-------- Given data --------

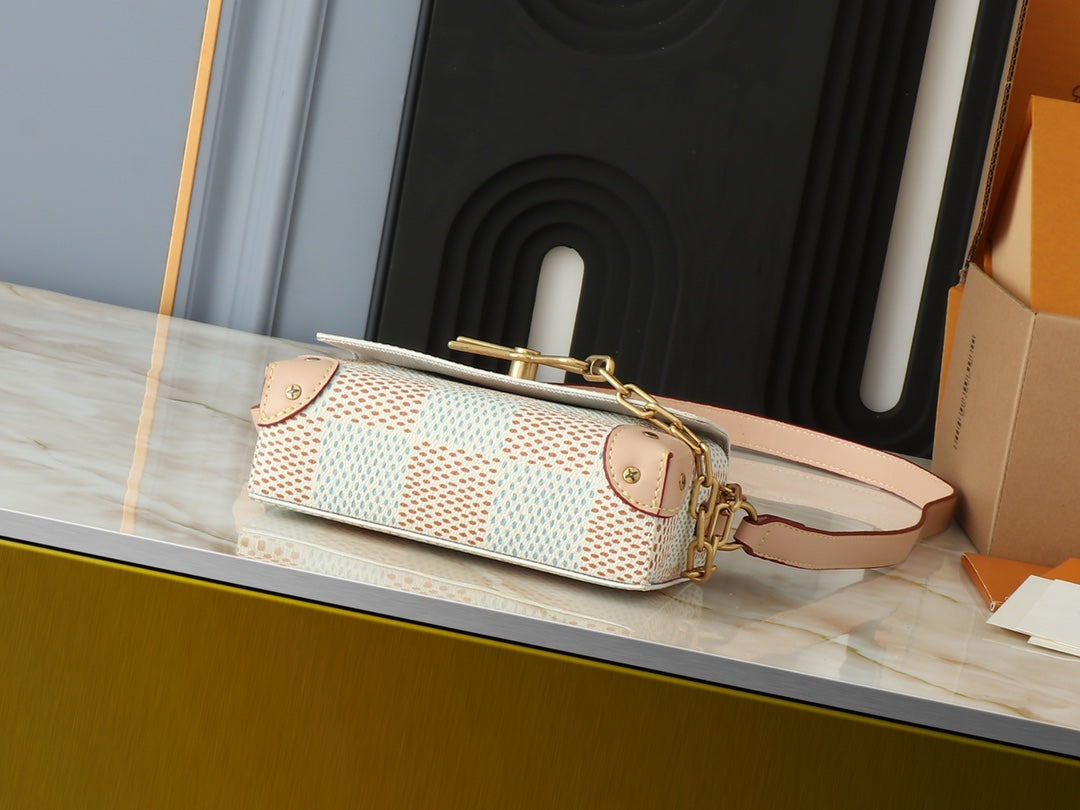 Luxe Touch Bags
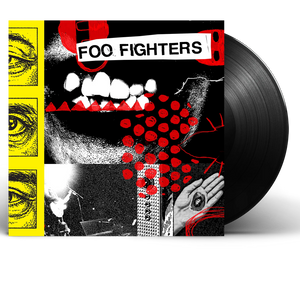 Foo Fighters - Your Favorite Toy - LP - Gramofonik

--------
-------- Given data --------

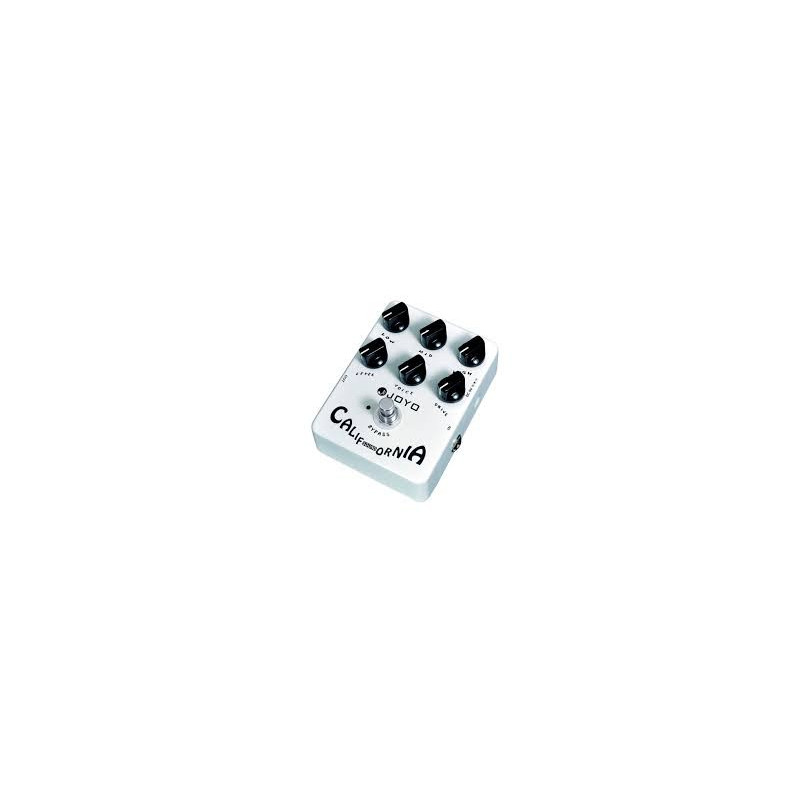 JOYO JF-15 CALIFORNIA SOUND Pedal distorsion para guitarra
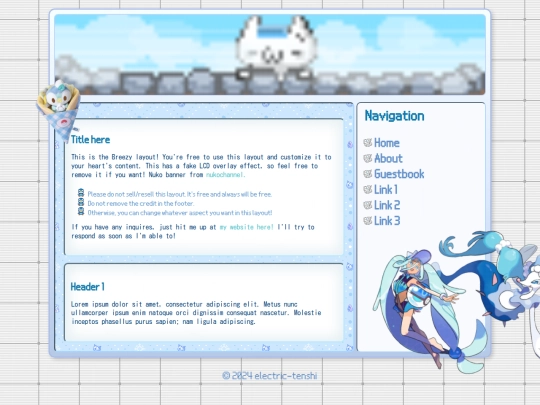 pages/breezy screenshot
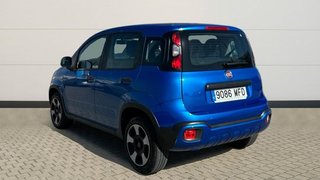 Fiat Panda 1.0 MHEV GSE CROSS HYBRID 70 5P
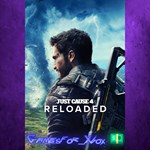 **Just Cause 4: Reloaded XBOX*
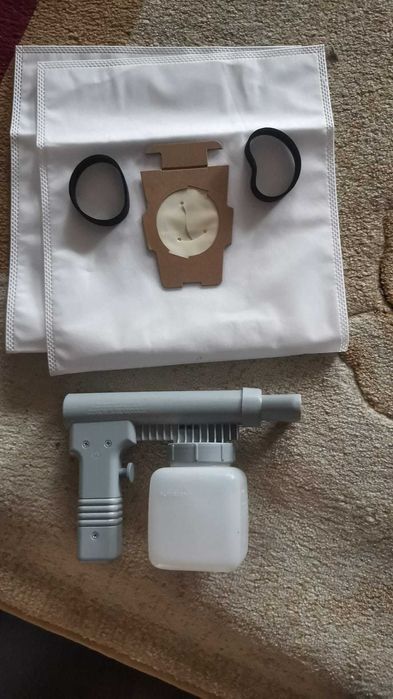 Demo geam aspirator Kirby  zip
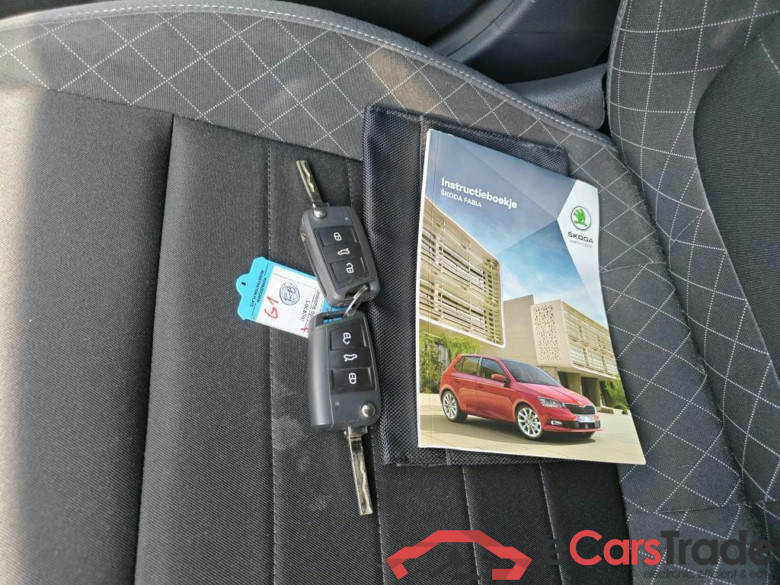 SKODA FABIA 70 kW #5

--------

→ **Task goal**: For this exercise, transcribe exactly the part of the records above that opens with the line containing "4: Reloaded XBOX*" and closes with the one containing "SKODA FABIA 70 kW #5". Pictures are not part of the copy.

→ **Finished exercise**:
 **Just Cause 4: Reloaded XBOX*
 Demo geam aspirator Kirby  zip
 SKODA FABIA 70 kW #5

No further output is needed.